:: RECORDS ::
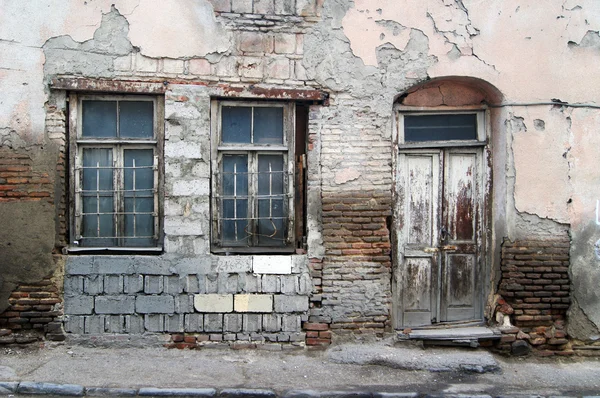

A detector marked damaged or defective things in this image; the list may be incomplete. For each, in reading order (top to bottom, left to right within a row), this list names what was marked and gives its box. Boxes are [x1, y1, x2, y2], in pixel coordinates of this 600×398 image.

rusty metal window grille [72, 96, 159, 247]
rusty metal window grille [211, 102, 296, 252]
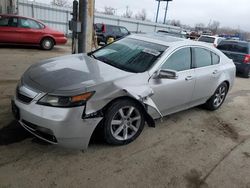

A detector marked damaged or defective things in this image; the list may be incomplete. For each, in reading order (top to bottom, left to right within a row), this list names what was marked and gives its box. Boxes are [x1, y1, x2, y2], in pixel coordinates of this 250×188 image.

detached bumper piece [20, 119, 57, 143]
damaged front bumper [12, 95, 102, 150]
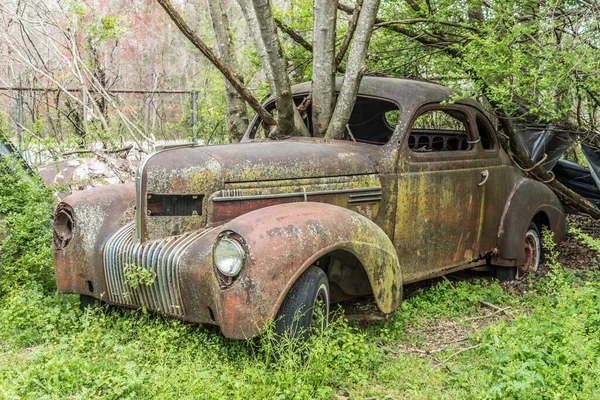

:: WHAT IS EXPECTED ::
Here the job is to print all the entries above exactly, minus the images.

:: ANSWER TO THE EXERCISE ::
A detector marked damaged or defective things in this image; the list may be incomplete. For each, in reading order (top to bottom, left to right within a row), this list names what was marked and gives its box. Boxes are [x1, y1, x2, y2], in pixel coordinates of this 600×398 image.

rusty metal window grille [72, 96, 159, 247]
rusty metal window grille [211, 102, 296, 252]

A detector marked damaged or defective things in this image; the list may be incomplete. For each, in reading order (top to bottom, left to right within a row), this list names what was marked and gives its box. Boxes are [x1, y1, x2, y2], in pixel coordinates of this 250×188 image.

detached bumper piece [20, 119, 57, 143]
damaged front bumper [12, 95, 102, 150]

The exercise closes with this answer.